(Data records)
______

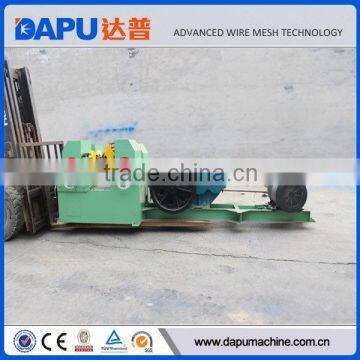 Cold rolled ribbed steel wire debar production machine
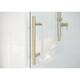 Glass Warehouse 44 in. - 48 in. x 78 in. Frameless Sliding Shower Door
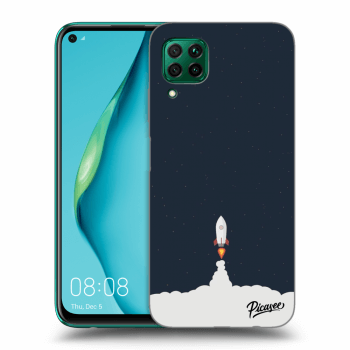 Obal pre Huawei P40 Lite - Astronaut 2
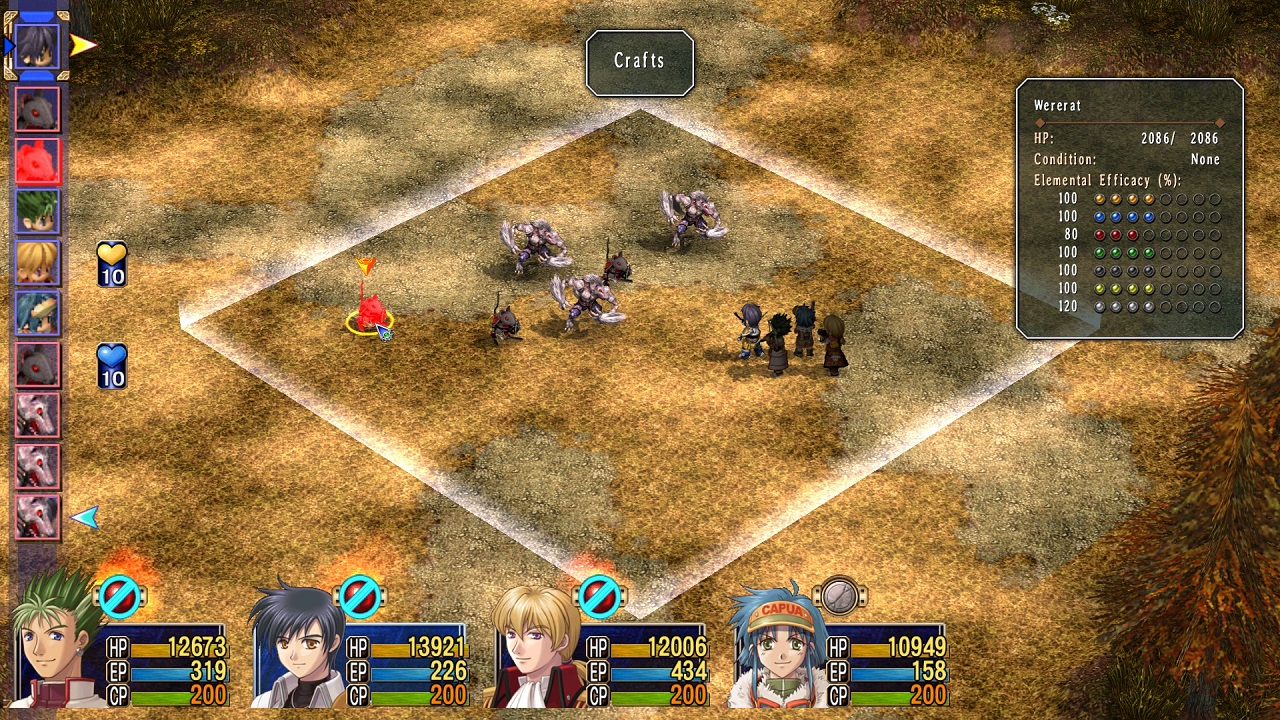 Trails In The Sky Gog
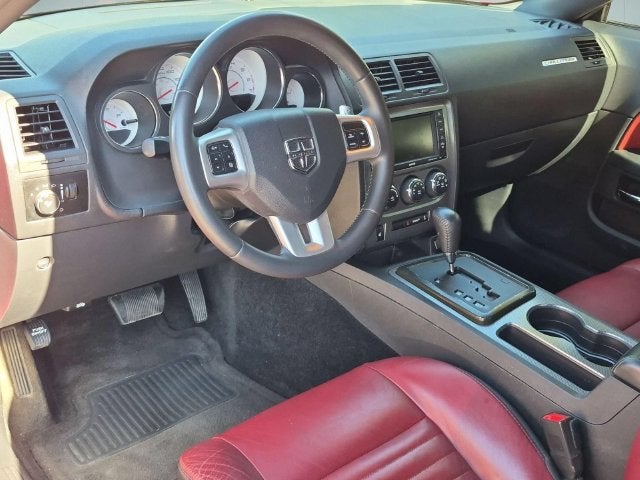 2013 Dodge Challenger R/T Plus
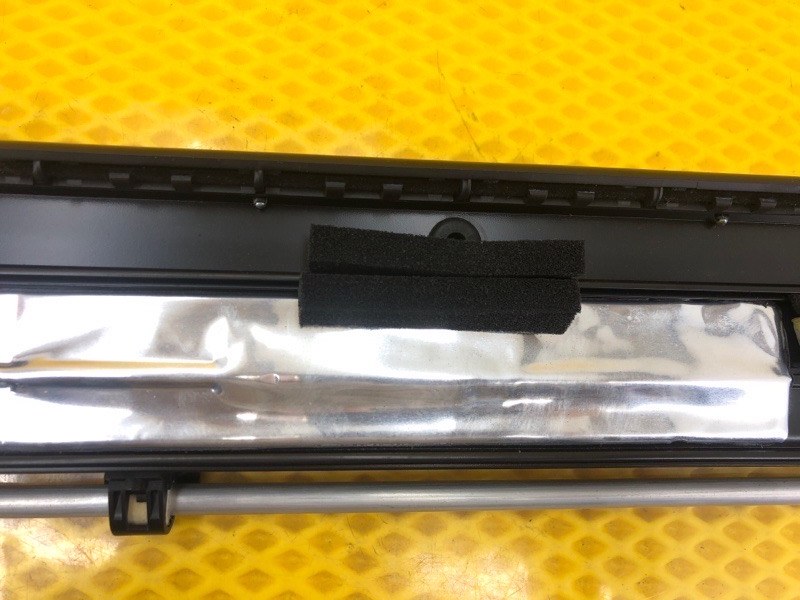 Шторка задняя левая Mercedes-Benz S-Class 2014 W222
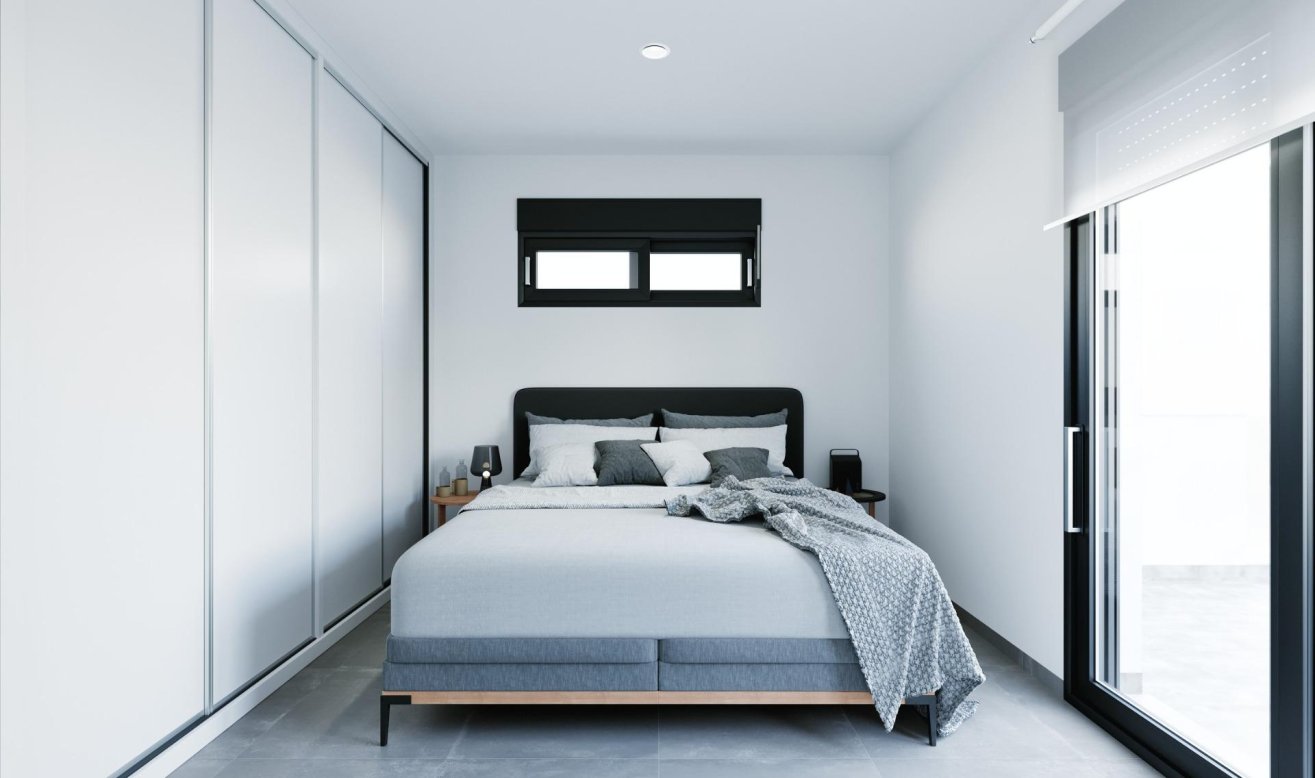 Obra nueva - Quad - Torre Pacheco - El Alba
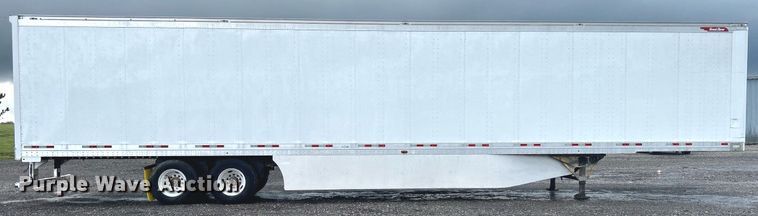 image for item LV9089 2014 Great Dane CSE-1214-22053  dry van trailer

______

:: Problem statement ::
Look above for the line with "Glass Warehouse 44" and the line with "Шторка задняя левая". Give again exactly those two lines and all lines between them, pictures excluded.

:: Reply to the exercise ::
 Glass Warehouse 44 in. - 48 in. x 78 in. Frameless Sliding Shower Door
 Obal pre Huawei P40 Lite - Astronaut 2
 Trails In The Sky Gog
 2013 Dodge Challenger R/T Plus
 Шторка задняя левая Mercedes-Benz S-Class 2014 W222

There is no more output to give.